May 14, 2024

Ursa: Reimagine Apache Kafka for the Cost-Conscious Data Streaming

Sijie Guo
Co-Founder and CEO, StreamNative

Today, we are really excited to unveil the next-generation data streaming engine - Ursa, which powers the entire StreamNative Cloud. Ursa is a data streaming engine that speaks the native Kafka protocol and is built directly on top of Lakehouse storage. Developed atop Apache Pulsar, Ursa removes the need for BookKeeper and ZooKeeper, pushing the architectural tenets of Pulsar to new heights, specifically tailored for the cost-conscious economy.

Both Kafka and Pulsar are robust open-source platforms. Our development of the Ursa engine leverages the extensive knowledge and operational insights we've gained from our years working with both Pulsar and Kafka. Throughout this post, I will explore the reasons behind Ursa's creation, highlight its benefits, and provide insight into its underlying mechanisms.
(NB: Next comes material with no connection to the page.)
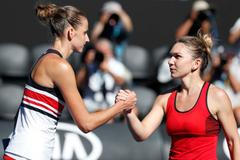 Simona Halepová a Karolína Plíšková na Australian Open 2018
Understand the origin of Apache Kafka

Before diving into Ursa, it’s important to grasp the significance of Kafka. Originally developed at LinkedIn, Kafka was open-sourced in 2011 and quickly became the go-to framework for building data streaming platforms. It emerged during the On-prem / Hadoop Era (2000 to 2010), a time characterized by on-premises deployments with slow network speeds. Infrastructure software from this period was optimized for rack awareness to compensate for these limitations. Kafka, designed under these conditions, coupled data serving and storage on the same physical units—an approach that matched the technological constraints of the time.

Fast forward to 2015, and the landscape has drastically shifted, particularly with the move towards cloud-native environments. Despite these changes, Kafka's core architecture has remained largely unchanged. Organizations have attempted to transition Kafka to the cloud, but the reality is that Kafka is cumbersome and costly to operate at scale in modern settings. The problem lies not with Kafka's API but with its implementation, which was conceived for on-prem data centers. This tightly coupled architecture is ill-suited for the cloud, leading to significant data rebalancing challenges when adjusting cluster topologies, resulting in high inter-AZ bandwidth costs and potential service disruptions. Managing a Kafka cluster in such environments requires extensive, specialized tooling and a dedicated support team.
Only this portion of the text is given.